Enlarge / "We did not find Clotilda. I don't think Clotilda was ever lost to some," said Delgado. (credit: Emma Langdon Roche, publisher: New York: The Knickerbocker Press, 1914.)
The state of Alabama has filed an Admiralty claim for ownership of the wreckage of the last ship to smuggle enslaved people from Africa to the United States. Archaeologists identified the wreck in an arm of the Mobile River earlier this summer. The new claim could help provide some legal protection for the wreck, but the details of its future remain to be decided.

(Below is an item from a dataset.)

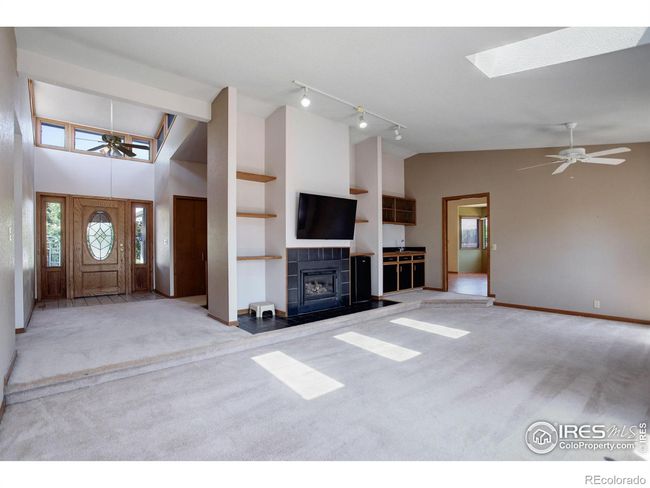 family room with fireplace | Image 17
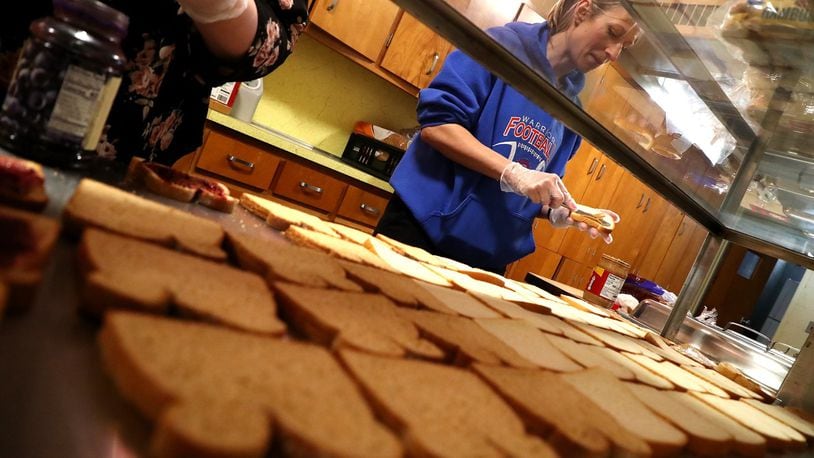 Erin Duke spreads the peanut butter for dozens of peanut butter and jelly sandwiches being assembled at H.O.P.E. Monday. H.O.P.E, a nonprofit organization, is providing students and families in need with lunch and dinner. BILL LACKEY/STAFF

Burned and sunk in 20 feet of water
In 1860, the US had long since outlawed the import of slaves (but not the practice of slavery itself or the sale of enslaved people born on US soil). Wealthy Mobile landowner Timothy Meaher hired ship captain William Foster to smuggle 110 captives from West Africa into Alabama—mostly to make a profit, of course, but reportedly also partly just to prove that he could. In total, 109 men, women, and children survived the crossing in the hold of the schooner Clotilda.
After offloading his human cargo onto Meaher’s brother’s riverboat, Foster sailed up a bayou, where (according to his own handwritten account) he burned and sunk the Clotilda in 20 feet of water. It was the only way to destroy the evidence of his crime: the unmistakable stench of human waste that permeated the very wood of the ship. The 109 people who survived endured four years of slavery before the end of the Civil War, and they never returned home. Today, many of their descendants still live near Mobile.